4. Why is a cross-encoder accurate yet unusable for recall? What computational structure fundamentally limits it?

It comes down to whether you can precompute and amortize. A bi-encoder encodes query and doc independently into vectors, so doc vectors can be computed offline and stored in an ANN index; online you only do vector compares — the doc-side cost is amortized once. A cross-encoder concatenates query+doc and runs the whole thing through the model, letting their tokens interact pairwise in attention (precisely the source of its accuracy) — but that means the result depends on the specific query and can't be pre-stored; every (query, doc) pair needs a full online forward pass.

For 50M docs, recall would mean "query × full corpus" = 50M forward passes, blowing past any second-scale budget. So it only fits the fine-ranking stage where candidates are already dozens–hundreds. Insight: more interaction means higher accuracy, but interaction makes the result un-precomputable — accuracy and amortizability are a fundamental tension, and multi-stage architecture is exactly how we divide the labor. ColBERT's "late interaction" aims for a middle ground.

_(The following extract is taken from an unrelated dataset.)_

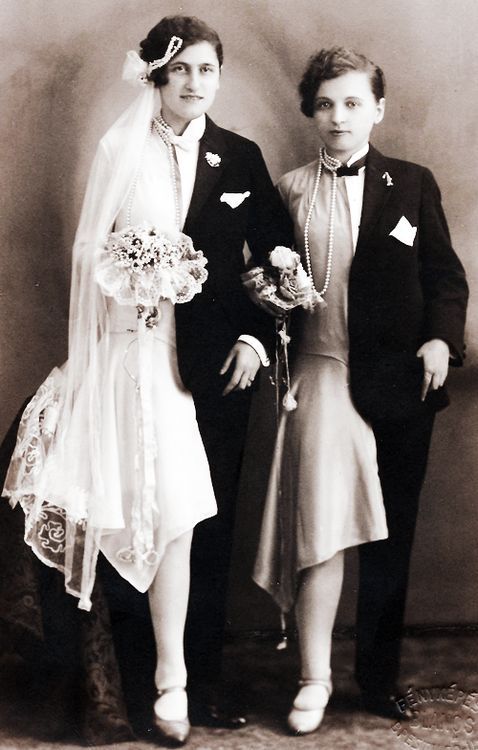 Two women dressed as bride and groom at the same time. Photographed in the 1920s.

5. Vector retrieval "confidently retrieves irrelevant results" — it always returns nearest neighbors even when nothing truly relevant exists. How to defend?

This is a structural flaw of dense retrieval: ANN always finds the k "nearest", but "nearest" ≠ "relevant". When a query lands in a sparse region of embedding space, the nearest neighbors may be far yet still returned — manifesting as "search for something the corpus doesn't have, and you still get a pile of unrelated results".

Defenses: ① a similarity threshold — drop anything below it, returning few or empty rather than noise (but the threshold drifts per query, hard to unify); ② BM25 as a backstop/check — in hybrid, if a vector-retrieved doc contains zero query terms and has a very low BM25 score, downweight or drop it; ③ cross-encoder as gatekeeper — it gives an absolute relevance score; filter low scores; ④ OOD/confidence detection — monitor the distribution of query-to-nearest-neighbor distances and treat abnormally far ones as "no good result", falling back to a message. Key realization: vector retrieval gives a relative ordering, not an absolute relevance judgment — absolute judgments need thresholds or a cross-encoder.